2. BACKGROUND AND RELATED WORK

Our approach is related to many previous works in Fourier and Wavelet transforms, random Fourier features, and implicit neural representations. We explore the connection among the areas below. Fourier and Wavelet transforms. Transforming time or space domain signals to frequency domain using transforms such as Fourier and Wavelet transforms have been at the heart of many developments in image processing, signal processing, and computer vision. In particular, the Fourier transform (Bracewell & Bracewell, 1986; Vetterli et al., 2014) and its various forms have found usage in myriad applications, such as spectroscopy, quantum mechanics, signal processing.
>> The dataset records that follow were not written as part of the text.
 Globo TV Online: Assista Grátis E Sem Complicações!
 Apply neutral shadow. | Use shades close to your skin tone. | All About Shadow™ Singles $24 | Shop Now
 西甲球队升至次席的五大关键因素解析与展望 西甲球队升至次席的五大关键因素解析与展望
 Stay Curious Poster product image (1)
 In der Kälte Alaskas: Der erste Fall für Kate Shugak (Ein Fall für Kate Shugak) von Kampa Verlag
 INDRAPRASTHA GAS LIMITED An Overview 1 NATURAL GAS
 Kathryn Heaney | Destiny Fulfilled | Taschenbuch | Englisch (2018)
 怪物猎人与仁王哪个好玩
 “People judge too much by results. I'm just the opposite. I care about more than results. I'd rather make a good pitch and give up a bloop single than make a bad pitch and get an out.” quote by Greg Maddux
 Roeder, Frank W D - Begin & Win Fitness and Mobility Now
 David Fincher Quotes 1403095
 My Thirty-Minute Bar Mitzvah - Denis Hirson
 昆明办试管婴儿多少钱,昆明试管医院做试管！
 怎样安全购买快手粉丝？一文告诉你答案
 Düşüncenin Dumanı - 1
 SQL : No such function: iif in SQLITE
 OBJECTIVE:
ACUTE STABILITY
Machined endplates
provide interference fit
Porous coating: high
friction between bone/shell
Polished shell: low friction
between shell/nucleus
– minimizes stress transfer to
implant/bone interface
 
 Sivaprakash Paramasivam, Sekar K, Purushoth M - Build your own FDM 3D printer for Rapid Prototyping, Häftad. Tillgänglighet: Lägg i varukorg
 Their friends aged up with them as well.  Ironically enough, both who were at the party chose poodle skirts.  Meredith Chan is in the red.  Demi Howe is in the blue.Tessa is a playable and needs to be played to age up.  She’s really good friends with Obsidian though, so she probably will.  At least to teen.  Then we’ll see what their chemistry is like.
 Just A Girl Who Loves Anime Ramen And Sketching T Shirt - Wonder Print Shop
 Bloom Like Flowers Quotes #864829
Wavelet transforms, which in particular aid in multi-scale analysis, have been found to be particularly useful in data compression, JPEG2000 (Rabbani, 2002) being one example. Rahimi & Recht (2008) demonstrates the power of Fourier transform in machine learning applications. They show that simply projecting the original dataset into random Fourier bases vastly improves the expressiveness of models as it approximates kernel computations. Many subsequent works apply the Fourier features and variations (Rahimi & Recht, 2009; Le et al., 2013; Yu et al., 2016) to improve machine learning algorithm performance in many domain areas, including classification (Sun et al., 2018; Rawat et al., 2019 ), regression (Avron et al., 2017; Brault et al., 2016 ), clustering (Chitta et al., 2012; Liu et al., 2019) , online learning (Lin et al., 2014; Hu et al., 2015) , and deep learning (Xue et al., 2019; Mehrkanoon & Suykens, 2018; Rick Chang et al., 2016; Mairal et al., 2014; Jacot et al., 2018; Tancik et al., 2020) .

Implicit neural representations.

A recent line of work in representing signals as a continuous function parameterized by neural network (instead of using the traditional discrete representation) is gaining popularity. This strategy has been used to represent different objects such as images (Nguyen et al., 2015; Stanley, 2007) , shapes (Park et al., 2019; Genova et al., 2019; Chen & Zhang, 2019; Chabra et al., 2020 ), scenes (Mildenhall et al., 2020; Sitzmann et al., 2019; Jiang et al., 2020; Niemeyer et al., 2020), and textures (Oechsle et al., 2019; Henzler et al., 2020) . In most of these applications, the standard neural networks architecture with multi-layer perceptrons and ReLU activation function is often used. Recently, motivated by the success of Fourier transform in machine learning, a few papers have suggested architectural changes that integrate periodic nonlinearities into the network. Mildenhall et al. (2020); Zhong et al. (2020); Tancik et al. (2020) proposed the use of sinusoidal mapping of the input features (Rahimi & Recht, 2008) that uses positional encoding and Gaussian random distribution in the mapping. Others (Klocek et al., 2019; Sitzmann et al., 2020) have proposed the use of sinusoidal activation function within a multi-layer perceptron architecture.